START ENTRIES PROVIDED

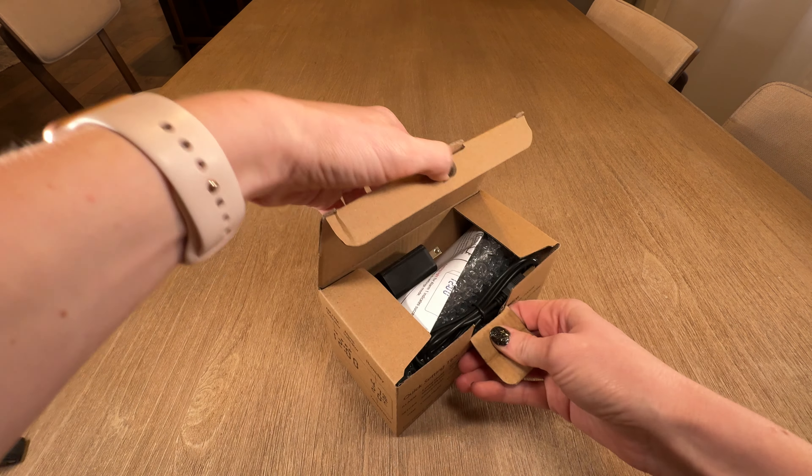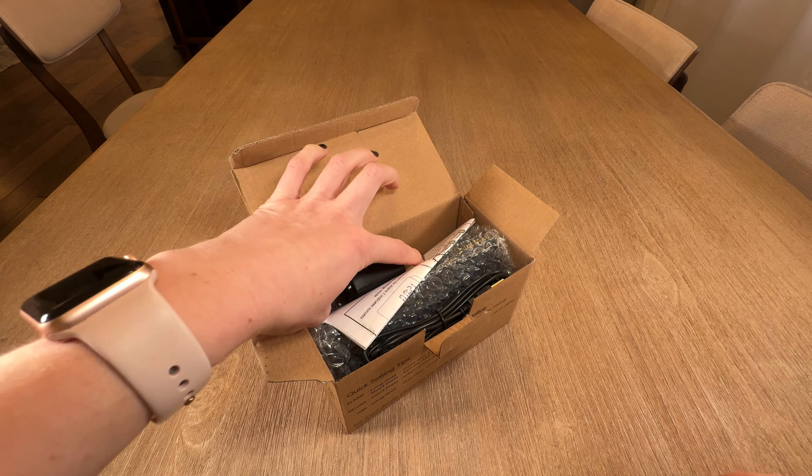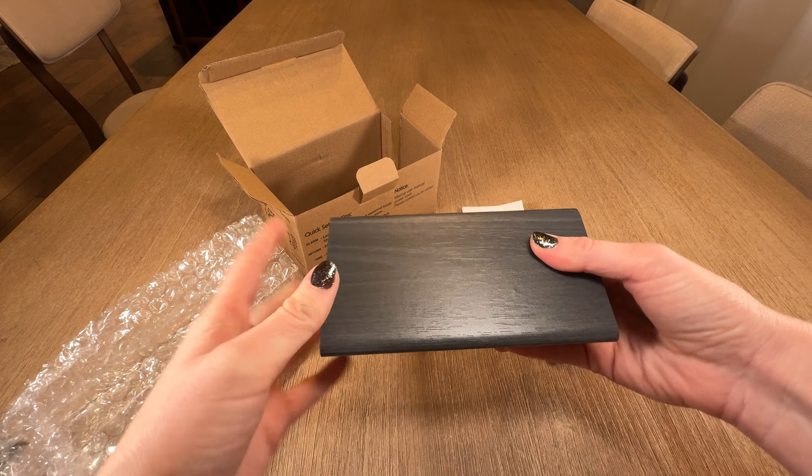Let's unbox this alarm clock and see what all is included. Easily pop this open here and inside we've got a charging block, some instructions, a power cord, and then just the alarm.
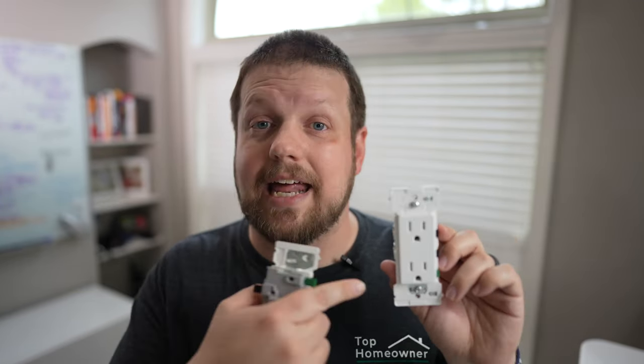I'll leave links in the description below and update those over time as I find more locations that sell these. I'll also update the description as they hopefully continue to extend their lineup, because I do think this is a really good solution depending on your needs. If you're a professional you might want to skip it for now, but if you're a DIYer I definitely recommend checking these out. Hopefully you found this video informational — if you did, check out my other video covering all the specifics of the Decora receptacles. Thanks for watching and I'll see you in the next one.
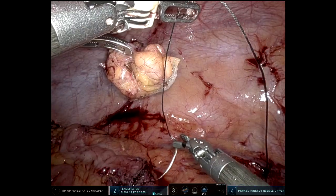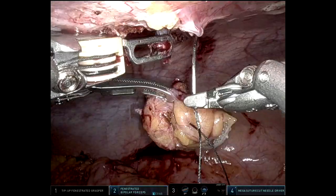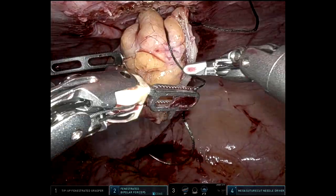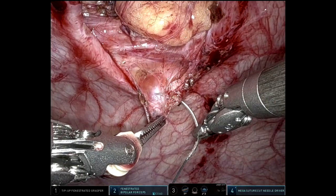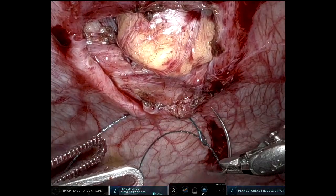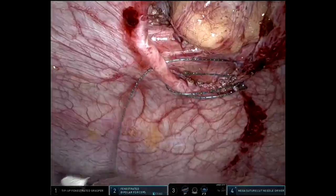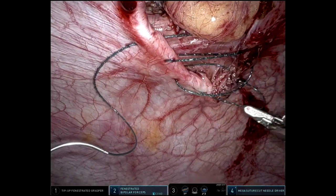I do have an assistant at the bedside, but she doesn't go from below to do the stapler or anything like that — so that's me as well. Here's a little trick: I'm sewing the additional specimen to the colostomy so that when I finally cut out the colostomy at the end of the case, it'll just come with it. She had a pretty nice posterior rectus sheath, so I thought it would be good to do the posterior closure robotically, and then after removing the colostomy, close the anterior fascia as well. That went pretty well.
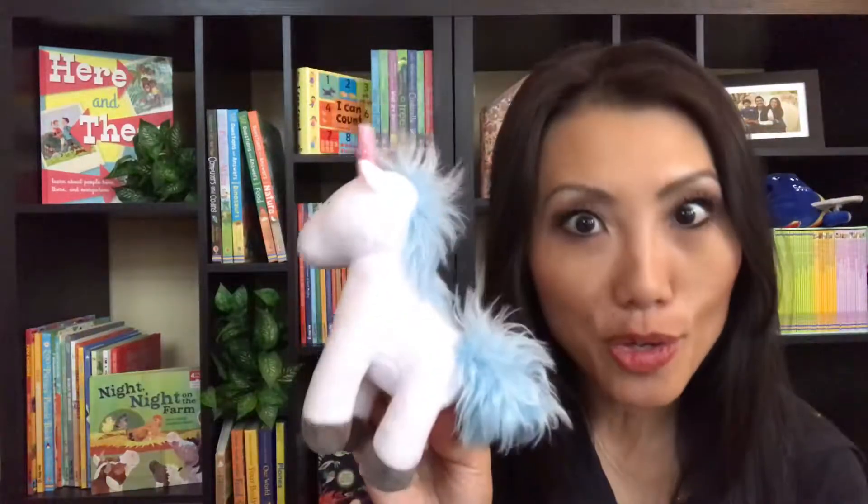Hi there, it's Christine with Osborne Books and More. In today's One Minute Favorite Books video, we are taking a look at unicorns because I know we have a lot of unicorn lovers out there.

END ENTRIES PROVIDED
START ENTRIES PROVIDED

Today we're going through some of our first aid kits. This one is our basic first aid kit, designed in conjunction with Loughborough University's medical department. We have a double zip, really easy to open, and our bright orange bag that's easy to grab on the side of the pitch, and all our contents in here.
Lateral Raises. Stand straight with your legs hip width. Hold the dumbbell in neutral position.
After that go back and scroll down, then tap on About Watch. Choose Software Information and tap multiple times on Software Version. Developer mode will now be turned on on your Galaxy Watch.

END ENTRIES PROVIDED
START ENTRIES PROVIDED

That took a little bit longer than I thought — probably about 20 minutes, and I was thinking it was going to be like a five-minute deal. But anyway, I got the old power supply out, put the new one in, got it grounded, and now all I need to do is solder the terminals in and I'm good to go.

END ENTRIES PROVIDED

Look above for the line with "Let's unbox this" and the line with "I'll leave links"; set down those two lines and all lines between them exactly, without pictures and without anything else.

Let's unbox this alarm clock and see what all is included. Easily pop this open here and inside we've got a charging block, some instructions, a power cord, and then just the alarm.
I'll leave links in the description below and update those over time as I find more locations that sell these. I'll also update the description as they hopefully continue to extend their lineup, because I do think this is a really good solution depending on your needs. If you're a professional you might want to skip it for now, but if you're a DIYer I definitely recommend checking these out. Hopefully you found this video informational — if you did, check out my other video covering all the specifics of the Decora receptacles. Thanks for watching and I'll see you in the next one.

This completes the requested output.